El muchacho se sintió de pronto muy cansado, confundido, harto. Llevaban poco más de un año juntos. Llevaban cuatro o cinco meses completamente solos. Parecía muchísimo tiempo. Alzó los ojos. Su compañero, ahora de espaldas, se afanaba preparando las cosas del té. Se sintió una vez más arrasado por la ternura sin palabras que le había sostenido, atrapándole, durante los últimos meses. Había contado con que su relación con Manuel -a quien no sabía ya si amaba o no amaba- se iluminaría, sin dejar de ser lo que era, con la entrada en escena de la muchacha. Había contado con salvar a Manuel entre los dos, porque Manuel le parecía un enfermo, un náufrago. Sintió un nudo en la garganta. «Tengo que irme de aquí», se había repetido a sí mismo muchas veces sin atreverse ni siquiera a pensar que pondría en ejecución ese pensamiento. «Es la última vez», pensó ahora y dijo en voz alta:
– Te has confundido en todo. Nos hemos confundido. Lo siento mucho.
– Me he confundido, ¿eh? -la voz de Manuel pareció venir de muy lejos, monótona, milenaria, ritual, como el fragmento de un diálogo entre interlocutores abstractos-. Ahora lo veo todo claro -repitió obstinadamente-. Hubiera debido verlo desde un principio.
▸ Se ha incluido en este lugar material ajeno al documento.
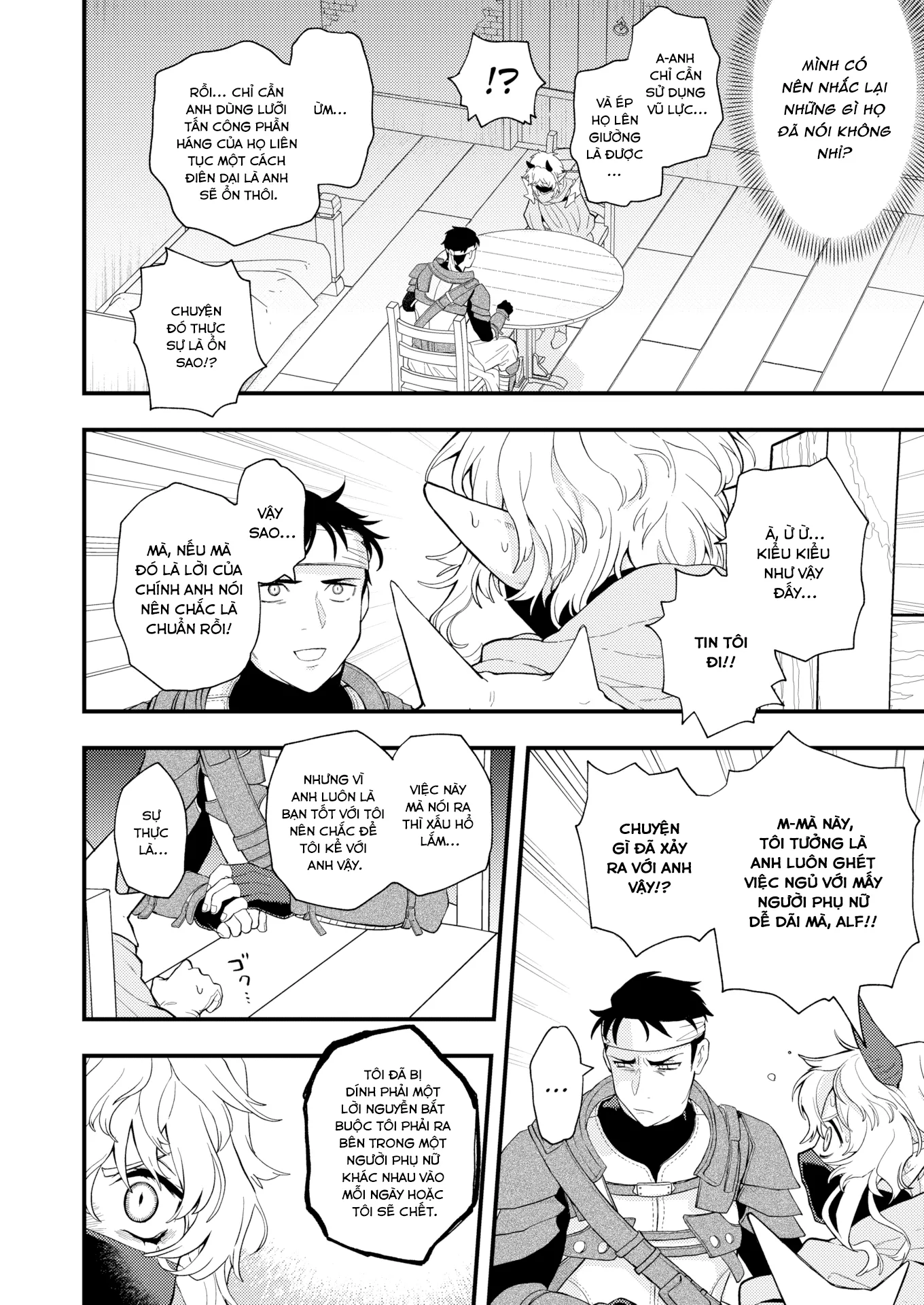 HentaiVN.net - Ảnh 6 - CHỊCH hoặc CHẾT - Chap 2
– Tú nunca has visto nada claro, Manuel. -Pronunciar el nombre del compañero le conmovió de nuevo y añadió secamente, como una excusa-: Además no hay nada claro.
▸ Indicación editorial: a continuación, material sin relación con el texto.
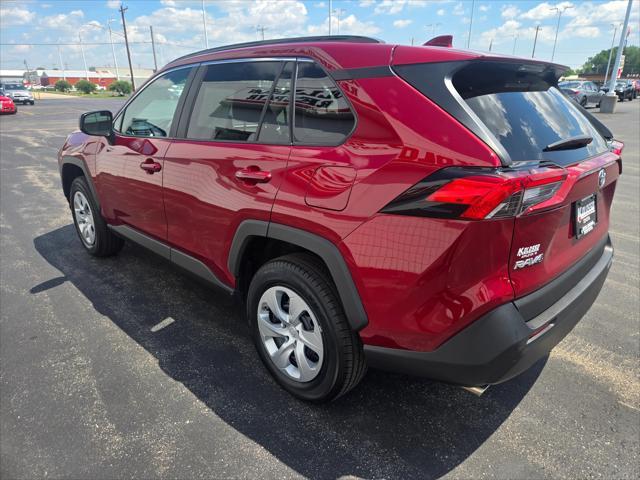 used 2020 Toyota RAV4 car, priced at $24,900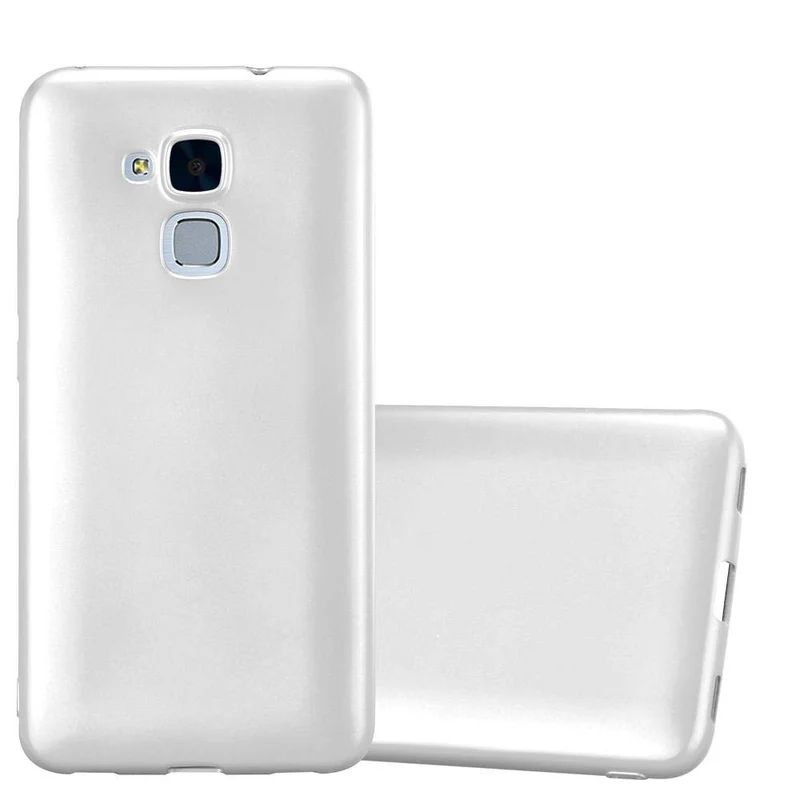 Cadorabo Hülle kompatibel mit Honor 5C Schutzhülle aus flexiblem TPU Silikon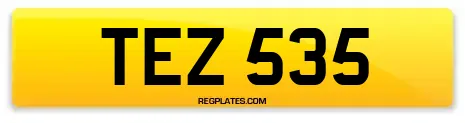 TEZ 535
El muchacho se levantó al decir eso. Hacía frío en la habitación. Anduvo unos pasos hacia la puerta del piso. Atardecer de un domingo londinense, en noviembre inmóvil, húmedo. El muchacho tenía aún el abrigo puesto. Habían paseado juntos, como de costumbre, esa tarde. Resplandece un poco a la luz de la estufa eléctrica la porcelana del juego de té comprado a piezas sueltas, las cucharillas, un florero vacío, el cristal de la reproducción de un cuadro holandés que a Manuel le gustaba. El fin es sólo un elemento formal de la acción humana, una variación más, cualitativamente idéntica a todas las anteriores. Que una acción determinada acabe no quita ni pone.